> Records for this task:
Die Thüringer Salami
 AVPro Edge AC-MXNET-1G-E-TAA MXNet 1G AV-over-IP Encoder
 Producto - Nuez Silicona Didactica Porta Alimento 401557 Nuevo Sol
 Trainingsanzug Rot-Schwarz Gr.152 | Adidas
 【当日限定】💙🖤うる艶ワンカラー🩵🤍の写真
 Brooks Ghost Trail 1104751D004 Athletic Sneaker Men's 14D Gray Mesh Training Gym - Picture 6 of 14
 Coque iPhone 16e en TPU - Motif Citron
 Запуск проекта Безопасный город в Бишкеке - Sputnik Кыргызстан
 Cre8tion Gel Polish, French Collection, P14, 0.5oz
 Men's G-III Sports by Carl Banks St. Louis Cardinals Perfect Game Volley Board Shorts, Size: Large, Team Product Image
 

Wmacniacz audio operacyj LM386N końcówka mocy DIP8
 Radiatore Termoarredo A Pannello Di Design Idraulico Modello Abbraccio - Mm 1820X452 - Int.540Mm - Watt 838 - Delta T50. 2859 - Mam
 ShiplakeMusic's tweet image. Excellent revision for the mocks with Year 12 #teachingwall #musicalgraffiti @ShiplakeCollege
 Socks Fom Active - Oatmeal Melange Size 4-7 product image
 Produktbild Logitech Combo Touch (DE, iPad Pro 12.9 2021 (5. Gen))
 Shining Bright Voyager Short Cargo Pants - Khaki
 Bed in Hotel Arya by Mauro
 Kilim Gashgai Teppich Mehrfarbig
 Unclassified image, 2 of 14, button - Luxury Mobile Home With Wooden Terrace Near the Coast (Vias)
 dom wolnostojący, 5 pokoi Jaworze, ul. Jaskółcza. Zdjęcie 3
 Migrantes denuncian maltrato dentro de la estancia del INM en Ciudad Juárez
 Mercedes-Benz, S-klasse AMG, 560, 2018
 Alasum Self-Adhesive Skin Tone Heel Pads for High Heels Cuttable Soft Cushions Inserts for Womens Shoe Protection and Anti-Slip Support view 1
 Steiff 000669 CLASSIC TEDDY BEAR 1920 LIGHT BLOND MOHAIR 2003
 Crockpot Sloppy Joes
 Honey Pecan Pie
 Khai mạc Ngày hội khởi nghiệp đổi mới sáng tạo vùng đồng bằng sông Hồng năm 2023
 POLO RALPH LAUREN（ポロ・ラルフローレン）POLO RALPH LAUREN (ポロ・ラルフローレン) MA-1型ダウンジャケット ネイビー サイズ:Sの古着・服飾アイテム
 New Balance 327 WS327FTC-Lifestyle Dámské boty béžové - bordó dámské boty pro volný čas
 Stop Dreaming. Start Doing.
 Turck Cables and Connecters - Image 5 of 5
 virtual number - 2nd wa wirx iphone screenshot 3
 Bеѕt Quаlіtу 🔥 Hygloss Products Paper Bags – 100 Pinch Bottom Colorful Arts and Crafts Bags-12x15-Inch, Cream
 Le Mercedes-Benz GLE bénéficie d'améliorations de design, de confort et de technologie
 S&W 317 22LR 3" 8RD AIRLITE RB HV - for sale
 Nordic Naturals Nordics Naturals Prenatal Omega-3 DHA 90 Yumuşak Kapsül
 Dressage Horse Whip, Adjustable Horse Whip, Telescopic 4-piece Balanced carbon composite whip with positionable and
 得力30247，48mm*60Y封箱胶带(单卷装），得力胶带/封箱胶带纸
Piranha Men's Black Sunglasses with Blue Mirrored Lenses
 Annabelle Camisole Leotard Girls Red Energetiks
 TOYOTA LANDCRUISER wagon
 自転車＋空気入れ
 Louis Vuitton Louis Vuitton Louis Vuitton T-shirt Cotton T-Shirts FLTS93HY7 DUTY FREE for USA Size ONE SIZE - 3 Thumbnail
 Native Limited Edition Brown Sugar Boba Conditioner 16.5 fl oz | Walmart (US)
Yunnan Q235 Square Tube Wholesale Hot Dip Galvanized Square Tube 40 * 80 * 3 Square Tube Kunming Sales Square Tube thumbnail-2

> Work instructions: Produce a precise copy of all the material above.

> Answer to this problem:
Die Thüringer Salami
 AVPro Edge AC-MXNET-1G-E-TAA MXNet 1G AV-over-IP Encoder
 Producto - Nuez Silicona Didactica Porta Alimento 401557 Nuevo Sol
 Trainingsanzug Rot-Schwarz Gr.152 | Adidas
 【当日限定】💙🖤うる艶ワンカラー🩵🤍の写真
 Brooks Ghost Trail 1104751D004 Athletic Sneaker Men's 14D Gray Mesh Training Gym - Picture 6 of 14
 Coque iPhone 16e en TPU - Motif Citron
 Запуск проекта Безопасный город в Бишкеке - Sputnik Кыргызстан
 Cre8tion Gel Polish, French Collection, P14, 0.5oz
 Men's G-III Sports by Carl Banks St. Louis Cardinals Perfect Game Volley Board Shorts, Size: Large, Team Product Image
 

Wmacniacz audio operacyj LM386N końcówka mocy DIP8
 Radiatore Termoarredo A Pannello Di Design Idraulico Modello Abbraccio - Mm 1820X452 - Int.540Mm - Watt 838 - Delta T50. 2859 - Mam
 ShiplakeMusic's tweet image. Excellent revision for the mocks with Year 12 #teachingwall #musicalgraffiti @ShiplakeCollege
 Socks Fom Active - Oatmeal Melange Size 4-7 product image
 Produktbild Logitech Combo Touch (DE, iPad Pro 12.9 2021 (5. Gen))
 Shining Bright Voyager Short Cargo Pants - Khaki
 Bed in Hotel Arya by Mauro
 Kilim Gashgai Teppich Mehrfarbig
 Unclassified image, 2 of 14, button - Luxury Mobile Home With Wooden Terrace Near the Coast (Vias)
 dom wolnostojący, 5 pokoi Jaworze, ul. Jaskółcza. Zdjęcie 3
 Migrantes denuncian maltrato dentro de la estancia del INM en Ciudad Juárez
 Mercedes-Benz, S-klasse AMG, 560, 2018
 Alasum Self-Adhesive Skin Tone Heel Pads for High Heels Cuttable Soft Cushions Inserts for Womens Shoe Protection and Anti-Slip Support view 1
 Steiff 000669 CLASSIC TEDDY BEAR 1920 LIGHT BLOND MOHAIR 2003
 Crockpot Sloppy Joes
 Honey Pecan Pie
 Khai mạc Ngày hội khởi nghiệp đổi mới sáng tạo vùng đồng bằng sông Hồng năm 2023
 POLO RALPH LAUREN（ポロ・ラルフローレン）POLO RALPH LAUREN (ポロ・ラルフローレン) MA-1型ダウンジャケット ネイビー サイズ:Sの古着・服飾アイテム
 New Balance 327 WS327FTC-Lifestyle Dámské boty béžové - bordó dámské boty pro volný čas
 Stop Dreaming. Start Doing.
 Turck Cables and Connecters - Image 5 of 5
 virtual number - 2nd wa wirx iphone screenshot 3
 Bеѕt Quаlіtу 🔥 Hygloss Products Paper Bags – 100 Pinch Bottom Colorful Arts and Crafts Bags-12x15-Inch, Cream
 Le Mercedes-Benz GLE bénéficie d'améliorations de design, de confort et de technologie
 S&W 317 22LR 3" 8RD AIRLITE RB HV - for sale
 Nordic Naturals Nordics Naturals Prenatal Omega-3 DHA 90 Yumuşak Kapsül
 Dressage Horse Whip, Adjustable Horse Whip, Telescopic 4-piece Balanced carbon composite whip with positionable and
 得力30247，48mm*60Y封箱胶带(单卷装），得力胶带/封箱胶带纸
Piranha Men's Black Sunglasses with Blue Mirrored Lenses
 Annabelle Camisole Leotard Girls Red Energetiks
 TOYOTA LANDCRUISER wagon
 自転車＋空気入れ
 Louis Vuitton Louis Vuitton Louis Vuitton T-shirt Cotton T-Shirts FLTS93HY7 DUTY FREE for USA Size ONE SIZE - 3 Thumbnail
 Native Limited Edition Brown Sugar Boba Conditioner 16.5 fl oz | Walmart (US)
Yunnan Q235 Square Tube Wholesale Hot Dip Galvanized Square Tube 40 * 80 * 3 Square Tube Kunming Sales Square Tube thumbnail-2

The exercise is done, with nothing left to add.